Move add_experiences out of trainer, add Trajectories #3067

ervteng · 2019-12-10T22:17:29Z

Moves add_experiences out of the trainer class, and into a separate AgentProcessor class. Also, introduce the Trajectory abstraction.

In this new design, the AgentProcessor is given the BrainInfos through an add_experiences method. This then assembles Trajectories (lists of AgentExperiences) that are passed to a Trainer. The trainer can assume all AgentExperiences within a Trajectory belong to the same agent, and ingest it into the update buffer as appropriate.

NOTE: New normalization changes causes slight degradation in some environments (Crawler, Reacher) and a boost in other (Walker.) It also seems to improve performance with SAC (makes sense). New normalization should be more correct, as before we were taking the running mean and std of the mean obs across all agents, while now we are doing every experience separately.

ToDo for this PR:

~~Add TensorBoard logger that spans both inference stats (entropy, value estimates, rewards, etc.) and training stats.~~
~~Verify training performance (reward) is same. Currently seeing a small degradation in Crawler, Walker, and Reacher.~~

ToDo in subsequent PRs:

Add Queues between AgentProcessor and Trainers, to be stored as part of the AgentManager NamedTuple.
Make process_trajectory a private method in the Trainer, and rather give the trainer an advance() method that will ingest a trajectory from the queue and call process_trajectory.
Remove reference to Trainer in AgentProcessor.
Change internal buffer representation inside Trainer to be made of AgentExperiences rather than the old AgentBuffer format.

… develop-agentprocessor

ml-agents/mlagents/trainers/agent_processor.py

chriselion · 2019-12-18T19:10:44Z

ml-agents/mlagents/trainers/agent_processor.py

+        self.episode_steps: Counter = Counter()
+        self.episode_rewards: Dict[str, float] = defaultdict(float)
+        self.stats_reporter = stats_reporter
+        if max_trajectory_length:


Maybe make this default to a huge number instead (like sys.maxsize)? That might get rid of the need for ignore_max_length

Redid the logic to use sys.maxsize as default and now feeds that in in trainer_controller.py when no time_horizon is specified.

chriselion · 2019-12-18T19:16:52Z

ml-agents/mlagents/trainers/agent_processor.py

+            if stored_info is not None:
+                stored_take_action_outputs = self.last_take_action_outputs[agent_id]
+                idx = stored_info.agents.index(agent_id)
+                next_idx = next_info.agents.index(agent_id)

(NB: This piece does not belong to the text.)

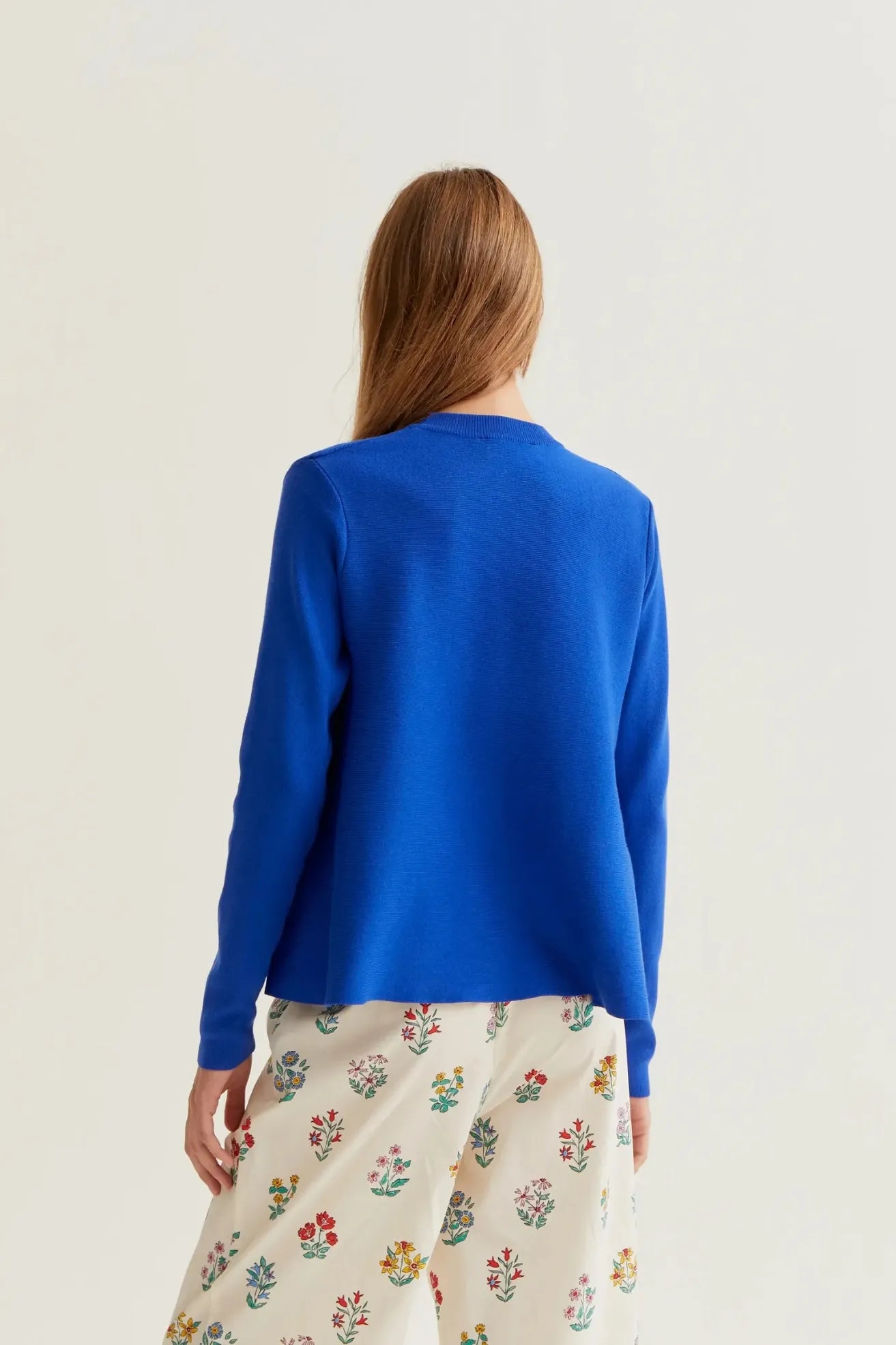 Compañia Fantastica Jersey Mujer Evasé Azul Who killed Bambi?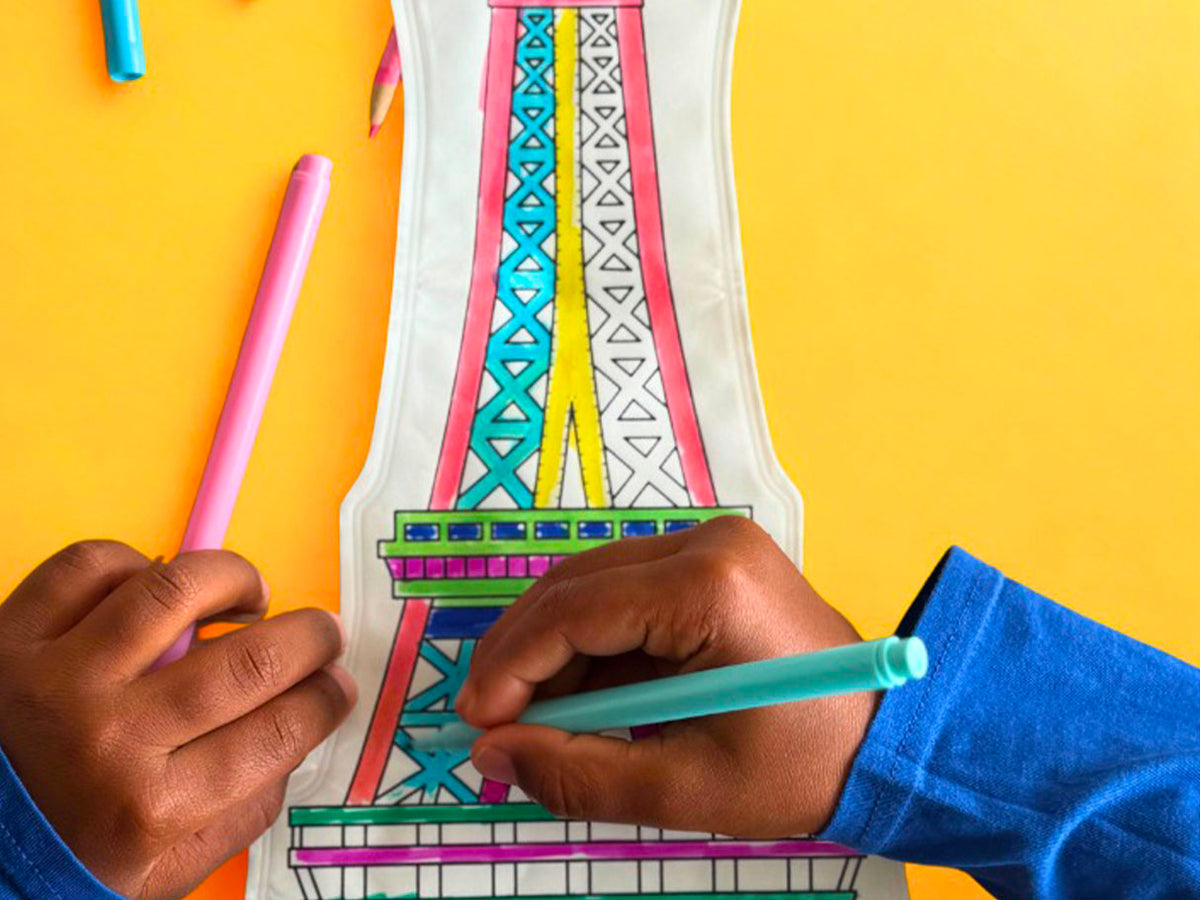 achat Coloriages gonflables - Tour Eiffel- Ara Créative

You shouldn't need to look this up since you're already iterating over next_info.agents, right? Just change

for agent_id in next_info.agents:

to

for next_idx, agent_id in enumerate(next_info.agents):

Good call - changed.

chriselion · 2019-12-18T19:17:51Z

ml-agents/mlagents/trainers/agent_processor.py

+            stored_info = self.last_brain_info.get(agent_id, None)
+            if stored_info is not None:
+                stored_take_action_outputs = self.last_take_action_outputs[agent_id]
+                idx = stored_info.agents.index(agent_id)


Little worried about the O(N) lookup here since we're doing it N times.

You might want to do something like

agent_id_to_index = {agent_id, i for i, agent_id in enumerate(stored_info.agents)}

outside the loop.

The tricky bit here is that the stored_info might be different per iteration of the loop (some agents in next_info might not have been in the previous info and vice-versa). So the index might change as well. To make matters worse, we do this indexing twice (once here, and once in the LL-Python API to convert BatchedState-> BrainInfo).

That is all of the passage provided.